Exercise requirements →
Every line of the listing that contains the word "where" is to be copied out.

Records for this exercise →
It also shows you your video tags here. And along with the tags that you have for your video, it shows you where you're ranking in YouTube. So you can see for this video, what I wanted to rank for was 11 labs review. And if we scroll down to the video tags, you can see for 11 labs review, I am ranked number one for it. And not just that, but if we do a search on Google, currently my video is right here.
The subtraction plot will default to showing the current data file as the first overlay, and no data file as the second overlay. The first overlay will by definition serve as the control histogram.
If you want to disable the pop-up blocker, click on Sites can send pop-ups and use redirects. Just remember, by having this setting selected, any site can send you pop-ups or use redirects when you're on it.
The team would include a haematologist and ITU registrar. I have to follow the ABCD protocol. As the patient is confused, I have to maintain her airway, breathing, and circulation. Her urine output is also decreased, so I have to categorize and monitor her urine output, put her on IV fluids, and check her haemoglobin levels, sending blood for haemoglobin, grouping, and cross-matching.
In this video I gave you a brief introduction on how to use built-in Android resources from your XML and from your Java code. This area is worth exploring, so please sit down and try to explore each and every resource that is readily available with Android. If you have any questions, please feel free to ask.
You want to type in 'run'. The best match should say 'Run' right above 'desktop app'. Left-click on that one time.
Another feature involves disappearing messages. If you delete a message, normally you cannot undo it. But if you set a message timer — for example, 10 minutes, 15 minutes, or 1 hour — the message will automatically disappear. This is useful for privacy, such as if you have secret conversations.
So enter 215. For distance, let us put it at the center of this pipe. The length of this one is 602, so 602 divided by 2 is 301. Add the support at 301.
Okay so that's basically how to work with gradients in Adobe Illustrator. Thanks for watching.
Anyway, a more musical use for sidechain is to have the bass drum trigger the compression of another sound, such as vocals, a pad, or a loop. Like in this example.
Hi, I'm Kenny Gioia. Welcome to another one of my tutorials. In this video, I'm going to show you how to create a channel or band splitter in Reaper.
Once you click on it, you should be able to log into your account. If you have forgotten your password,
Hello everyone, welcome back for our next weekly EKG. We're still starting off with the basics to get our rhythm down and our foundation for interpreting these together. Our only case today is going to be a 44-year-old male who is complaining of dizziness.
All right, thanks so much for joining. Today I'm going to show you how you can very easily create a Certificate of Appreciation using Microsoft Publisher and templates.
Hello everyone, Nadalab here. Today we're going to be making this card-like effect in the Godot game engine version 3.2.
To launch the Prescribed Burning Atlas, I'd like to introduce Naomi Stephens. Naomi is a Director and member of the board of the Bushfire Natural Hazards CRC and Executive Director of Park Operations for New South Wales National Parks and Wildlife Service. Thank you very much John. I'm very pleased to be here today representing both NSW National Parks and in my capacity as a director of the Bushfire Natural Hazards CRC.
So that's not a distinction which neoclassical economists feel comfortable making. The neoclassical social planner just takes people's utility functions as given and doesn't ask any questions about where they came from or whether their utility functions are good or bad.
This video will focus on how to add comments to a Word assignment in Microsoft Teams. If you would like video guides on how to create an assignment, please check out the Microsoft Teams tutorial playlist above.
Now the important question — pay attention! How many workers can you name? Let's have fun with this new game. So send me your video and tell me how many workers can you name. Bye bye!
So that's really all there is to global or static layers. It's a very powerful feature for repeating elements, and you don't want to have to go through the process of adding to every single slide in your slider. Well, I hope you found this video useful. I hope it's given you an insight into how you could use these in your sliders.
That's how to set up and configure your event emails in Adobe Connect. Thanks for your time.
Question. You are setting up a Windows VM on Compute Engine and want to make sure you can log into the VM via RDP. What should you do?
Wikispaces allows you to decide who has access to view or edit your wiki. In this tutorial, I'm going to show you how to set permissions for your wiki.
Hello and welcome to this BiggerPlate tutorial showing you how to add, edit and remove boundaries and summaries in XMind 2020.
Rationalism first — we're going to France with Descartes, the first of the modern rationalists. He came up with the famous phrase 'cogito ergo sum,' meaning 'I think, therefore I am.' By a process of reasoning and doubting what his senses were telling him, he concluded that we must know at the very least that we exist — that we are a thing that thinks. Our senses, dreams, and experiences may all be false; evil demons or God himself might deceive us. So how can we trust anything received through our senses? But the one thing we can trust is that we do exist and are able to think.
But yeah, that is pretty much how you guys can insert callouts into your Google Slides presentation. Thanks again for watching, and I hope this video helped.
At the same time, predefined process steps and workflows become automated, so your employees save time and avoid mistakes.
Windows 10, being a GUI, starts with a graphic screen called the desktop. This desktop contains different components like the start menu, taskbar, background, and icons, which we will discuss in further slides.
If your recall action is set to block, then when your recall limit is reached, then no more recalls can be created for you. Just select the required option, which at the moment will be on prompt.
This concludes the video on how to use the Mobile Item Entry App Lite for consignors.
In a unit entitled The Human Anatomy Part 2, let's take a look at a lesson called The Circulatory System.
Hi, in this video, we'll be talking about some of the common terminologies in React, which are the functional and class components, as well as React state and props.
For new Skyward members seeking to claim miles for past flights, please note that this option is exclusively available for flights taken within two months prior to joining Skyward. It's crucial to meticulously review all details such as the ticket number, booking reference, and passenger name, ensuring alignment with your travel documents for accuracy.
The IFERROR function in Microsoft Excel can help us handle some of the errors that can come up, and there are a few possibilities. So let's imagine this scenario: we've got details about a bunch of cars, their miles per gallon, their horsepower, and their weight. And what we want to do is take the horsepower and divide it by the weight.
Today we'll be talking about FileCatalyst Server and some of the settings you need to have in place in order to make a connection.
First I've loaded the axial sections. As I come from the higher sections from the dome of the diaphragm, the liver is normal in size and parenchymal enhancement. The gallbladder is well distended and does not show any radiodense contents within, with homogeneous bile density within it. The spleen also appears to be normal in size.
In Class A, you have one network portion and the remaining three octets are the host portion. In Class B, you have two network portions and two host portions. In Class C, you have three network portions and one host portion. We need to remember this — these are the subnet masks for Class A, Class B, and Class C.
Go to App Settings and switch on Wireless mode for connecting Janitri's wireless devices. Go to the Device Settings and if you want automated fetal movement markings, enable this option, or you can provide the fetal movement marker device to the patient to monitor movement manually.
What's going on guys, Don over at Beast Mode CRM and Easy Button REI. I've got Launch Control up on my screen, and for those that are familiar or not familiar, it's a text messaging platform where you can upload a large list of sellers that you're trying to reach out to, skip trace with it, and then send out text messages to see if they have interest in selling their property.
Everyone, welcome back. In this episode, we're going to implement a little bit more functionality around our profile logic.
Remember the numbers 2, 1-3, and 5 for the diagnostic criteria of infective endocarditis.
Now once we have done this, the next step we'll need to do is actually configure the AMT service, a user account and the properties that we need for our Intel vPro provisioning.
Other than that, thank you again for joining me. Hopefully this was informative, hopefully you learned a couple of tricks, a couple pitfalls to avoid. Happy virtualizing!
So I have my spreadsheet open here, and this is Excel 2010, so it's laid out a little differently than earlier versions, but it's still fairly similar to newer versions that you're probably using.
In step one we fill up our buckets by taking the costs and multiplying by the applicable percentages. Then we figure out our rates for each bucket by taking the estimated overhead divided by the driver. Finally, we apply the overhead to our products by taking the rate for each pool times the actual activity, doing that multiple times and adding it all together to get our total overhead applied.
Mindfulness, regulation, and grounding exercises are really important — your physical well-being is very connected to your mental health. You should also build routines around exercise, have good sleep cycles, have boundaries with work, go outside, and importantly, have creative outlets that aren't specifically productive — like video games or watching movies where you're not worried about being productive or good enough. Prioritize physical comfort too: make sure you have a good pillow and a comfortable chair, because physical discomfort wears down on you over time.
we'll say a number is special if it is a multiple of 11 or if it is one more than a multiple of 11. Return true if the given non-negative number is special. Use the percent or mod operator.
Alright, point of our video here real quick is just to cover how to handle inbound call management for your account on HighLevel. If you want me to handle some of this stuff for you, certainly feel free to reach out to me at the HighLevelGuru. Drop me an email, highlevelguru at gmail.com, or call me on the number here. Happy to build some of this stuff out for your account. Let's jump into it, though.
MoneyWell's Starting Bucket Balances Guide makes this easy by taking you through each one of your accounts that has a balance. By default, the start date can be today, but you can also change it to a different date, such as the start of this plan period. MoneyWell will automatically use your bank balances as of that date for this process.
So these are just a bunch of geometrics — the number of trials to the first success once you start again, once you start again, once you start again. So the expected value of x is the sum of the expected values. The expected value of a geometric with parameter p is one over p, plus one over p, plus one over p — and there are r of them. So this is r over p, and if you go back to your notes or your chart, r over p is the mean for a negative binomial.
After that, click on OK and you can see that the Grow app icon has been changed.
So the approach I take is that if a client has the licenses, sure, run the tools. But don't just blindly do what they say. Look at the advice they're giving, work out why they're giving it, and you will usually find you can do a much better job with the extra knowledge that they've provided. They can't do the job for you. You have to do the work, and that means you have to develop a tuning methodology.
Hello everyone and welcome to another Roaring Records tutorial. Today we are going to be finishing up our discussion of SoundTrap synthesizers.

Answer to this task →
It also shows you your video tags here. And along with the tags that you have for your video, it shows you where you're ranking in YouTube. So you can see for this video, what I wanted to rank for was 11 labs review. And if we scroll down to the video tags, you can see for 11 labs review, I am ranked number one for it. And not just that, but if we do a search on Google, currently my video is right here.
So that's not a distinction which neoclassical economists feel comfortable making. The neoclassical social planner just takes people's utility functions as given and doesn't ask any questions about where they came from or whether their utility functions are good or bad.
What's going on guys, Don over at Beast Mode CRM and Easy Button REI. I've got Launch Control up on my screen, and for those that are familiar or not familiar, it's a text messaging platform where you can upload a large list of sellers that you're trying to reach out to, skip trace with it, and then send out text messages to see if they have interest in selling their property.
Mindfulness, regulation, and grounding exercises are really important — your physical well-being is very connected to your mental health. You should also build routines around exercise, have good sleep cycles, have boundaries with work, go outside, and importantly, have creative outlets that aren't specifically productive — like video games or watching movies where you're not worried about being productive or good enough. Prioritize physical comfort too: make sure you have a good pillow and a comfortable chair, because physical discomfort wears down on you over time.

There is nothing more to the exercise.